The timing of Trump’s anticipated pardon spree was not immediately known, either, but several reports said an announcement is expected Tuesday, his last full day as president before Joe Biden’s inauguration Wednesday.

The most controversial issue at hand is whether the soon-to-be former president will pardon anyone named Trump.

Sources told the Washington Post that Trump remained “particularly consumed” with the question of whether to pre-emptively pardon himself and three of his adult children amid concerns that the Justice Department could prosecute them once he loses his presidential immunity.

Neither Trump nor his children are known to currently be under federal investigation, but a growing chorus of lawmakers and legal experts are calling for them to face charges for a variety of alleged wrongdoing, including his instigation of the Jan. 6 assault on the Capitol, which left a police officer and four of the rioters dead.

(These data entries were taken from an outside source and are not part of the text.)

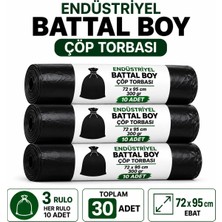 Liva Ambalaj Endüstriyel Çöp Torbası Battal Boy 72X95 cm 30 Adet (3 Rulo) Sızdırmaz Kalın 300 Gram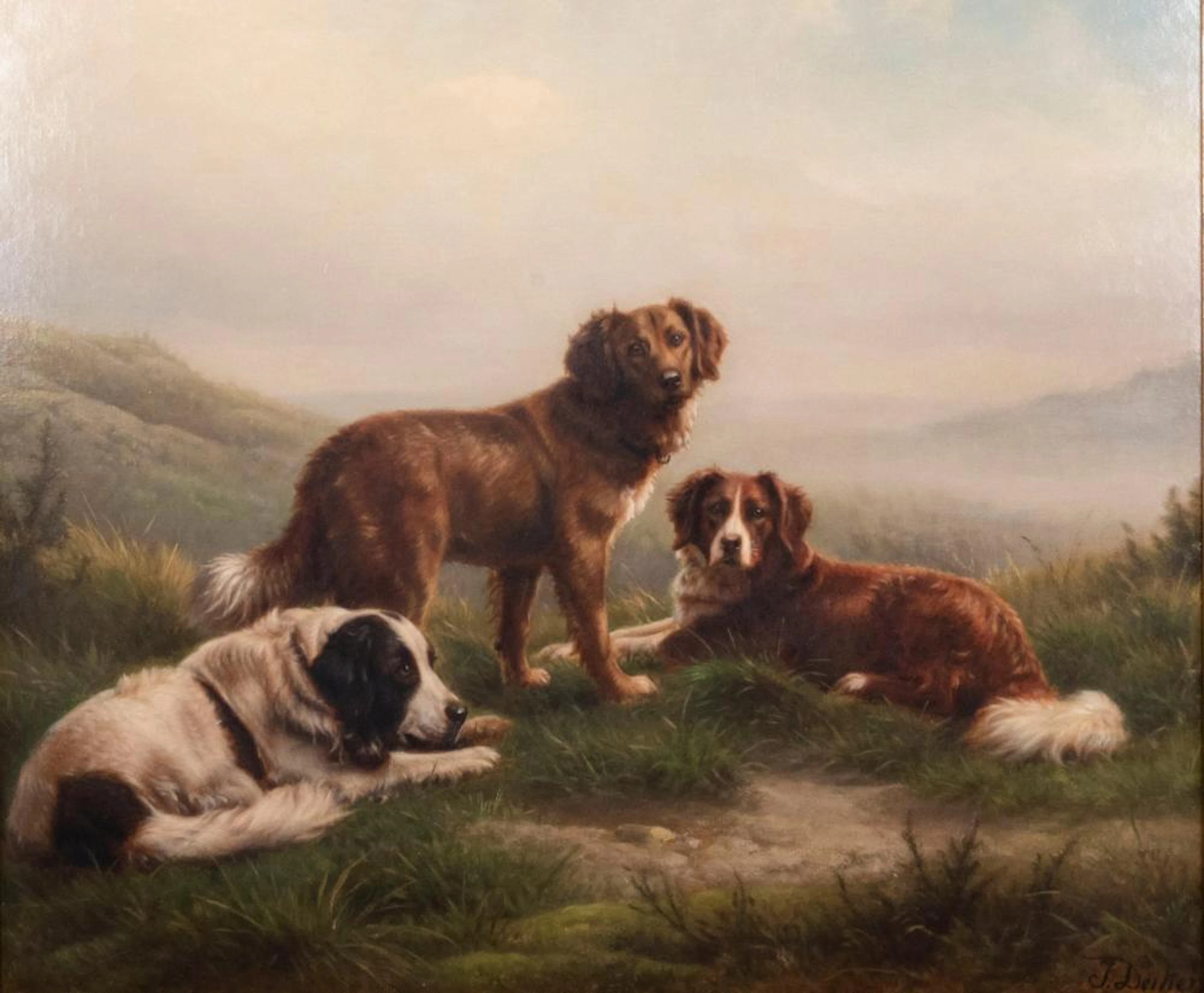 Johannes Deiker, German (1822-1895), Dogs in a Mountainous Landscape, oil on canvas, 26 x 30 inches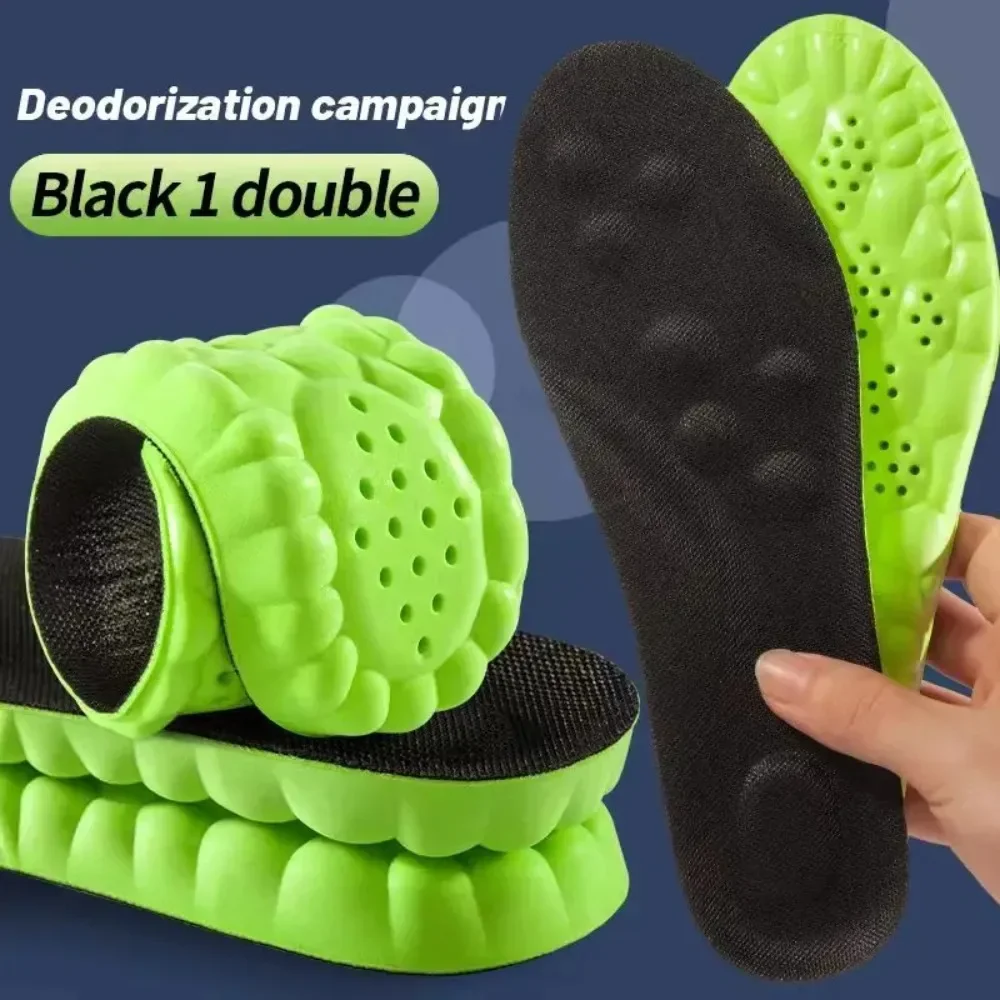 4D Sports Insoles Shoes PU Sole Soft Breathable Shock Absorption Cushion Heavy Duty Support Pain Relief Running Orthopedic Care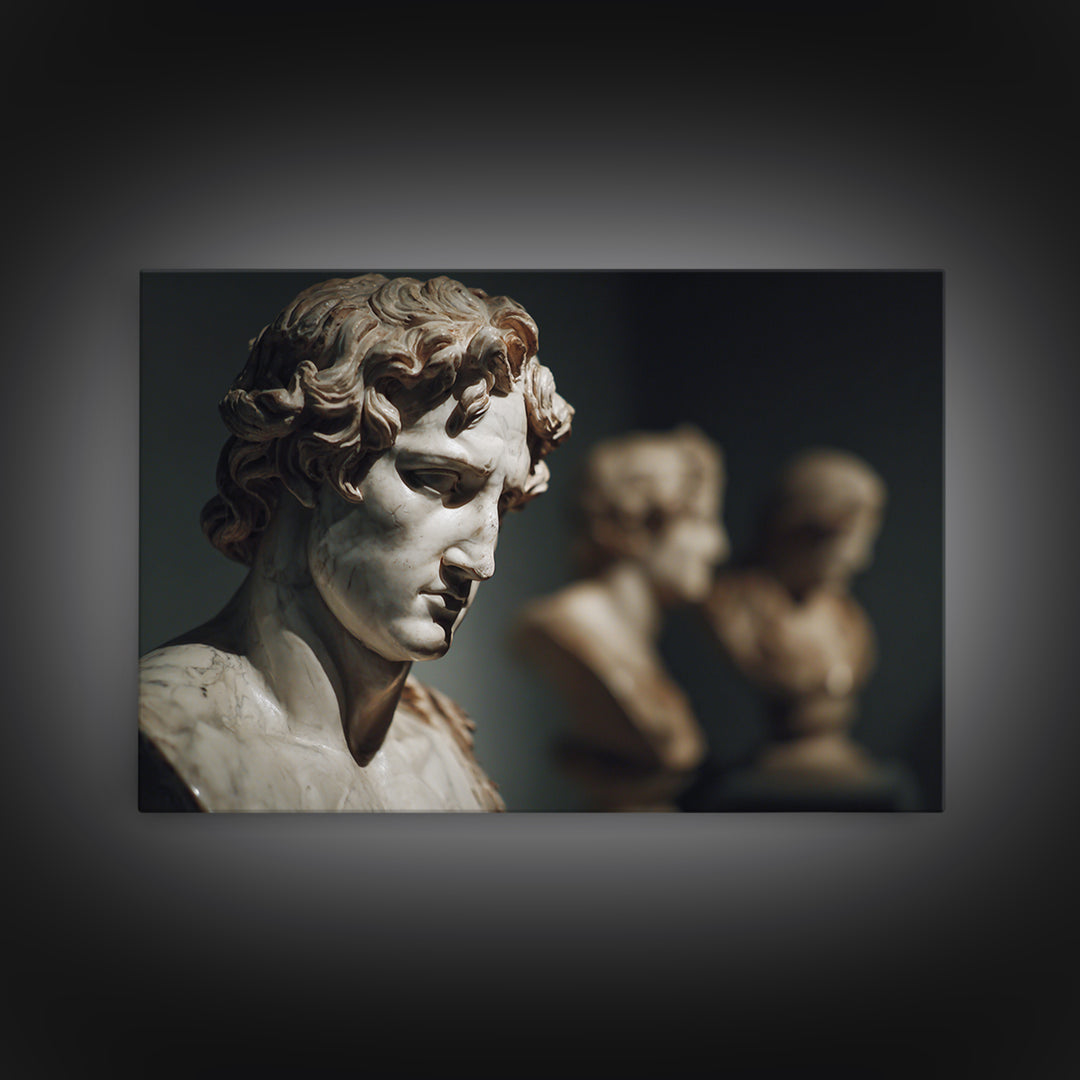 Classical Statue Bust Framed Canvas Print, Law Office Art, Home Office Decor, Office Decor, Oil Painting, Counsel, Boho Decor, LOA-3x2-100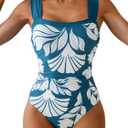 Aidonger Women's One Piece Swimsuit Modest Tummy Control Bathing Suit Ruched Slimming Color Block Swimwear (Large, Leaf Print)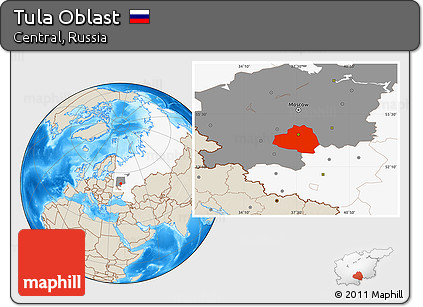 Shaded Relief Location Map of Tula Oblast, highlighted country, highlighted parent region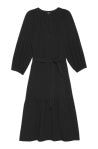 Black midi dress with self tie fabric belt and notch neck with dropped shoulders and elasticated cuffs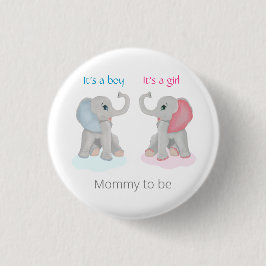 Mamma som ska vara Gender Visa Elephant Baby Showe Knapp
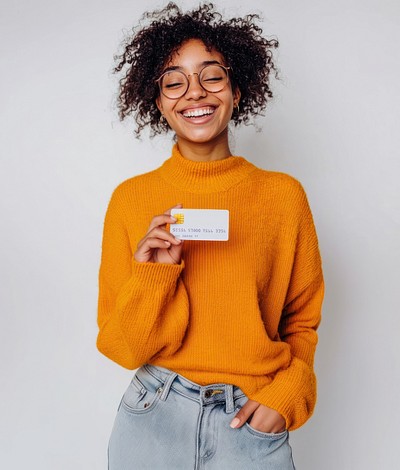 Woman holding credit card happy background sweater.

Problematic for Trump is that Manhattan District Attorney Cy Vance is known to be investigating him and his namesake company over potential state fraud crimes that cannot be pardoned.

Also not known is whether the president will pardon ex-adviser Stephen Bannon, who’s under indictment for allegedly defrauding Trump supporters, or Rudy Giuliani, his personal attorney who’s under investigation for questionable business dealings in Ukraine, some of which overlapped with the president’s first impeachment in 2019.

Giuliani declined to say if he’s expecting a pre-emptive pardon when reached by the Daily News on Monday .

On a separate note, Giuliani said he likely won’t be part of the legal team defending Trump at his forthcoming Senate impeachment trial because he also helped egg on the violent mob on Jan. 6, saying in a speech that the supporters should challenge members of Congress to “trial by combat.”

“As a possible witness, it’s limited,” Giuliani said of his potential role at Trump’s Senate trial, which is not expected to start until he’s out of office.

Another twist in the pardon drama emerged in reports Sunday that said lawyers connected to Trump, including Giuliani, are collecting cash from deep-pocketed felons pushing the White House for clemency.

Giuliani vehemently denied participating in any such scheme. “The claims that I asked for, or received, any compensation for a pardon for myself or anyone else is false, defamatory, and malicious,” the former New York mayor tweeted.

If his past acts of clemency are any indication, Trump is likely to offer cover for criminals in his orbit.

Last year, Trump pardoned and offered clemency for crimes committed by Michael Flynn, his former national security adviser; George Papadopoulos, his former campaign adviser; Paul Manafort, his former campaign manager; Roger Stone, his longtime political confidante, and Charles Kushner, his son-in-law’s father.

Flynn, Stone, Manafort and Papadopoulos were indicted as part of special counsel Robert Mueller’s investigation into the 2016 Trump’s campaign’s ties to Russia.